Apple, which has just reported its first quarterly profits decline in a decade, is headed the same way as Japan's Sony which fell out of favor with consumers 20 years ago, says one commentator who expects Apple shares to fall 20 percent.
The U.S. tech giant, which reported its earnings late Tuesday, beat earnings forecasts and doubled the amount of cash it will return to shareholders. But it disappointed investors with comments on slower growth and a lack of new products on the horizon, pushing its shares lower in after-hours trade.
(Read More: Apple's Roller-Coaster Ride to Set Market Tone)
Bert Dohmen, founder of investment research firm Dohmen Capital Research Institute, drew parallels between the technology poster child and Japanese electronics giant Sony 20 years ago.

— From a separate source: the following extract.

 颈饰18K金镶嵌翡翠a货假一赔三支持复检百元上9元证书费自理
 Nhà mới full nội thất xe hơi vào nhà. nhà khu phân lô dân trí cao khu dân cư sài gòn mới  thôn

"Apple is like Sony 20 years ago, everyone had to have Sony and Sony always delivered much less than the competition at a higher price, and finally people broke out of the system...People are calling it jailbreak when they finally get away from the ecosystem of Apple," said Dohmen on CNBC's "Asia Squawk Box" on Wednesday.
Sony, one of the world's most popular brands, has lost some of its luster because of Asian rivals taking market share and a lack of fresh innovative ideas, analysts say. Its shares have almost halved in value over the past 10 years.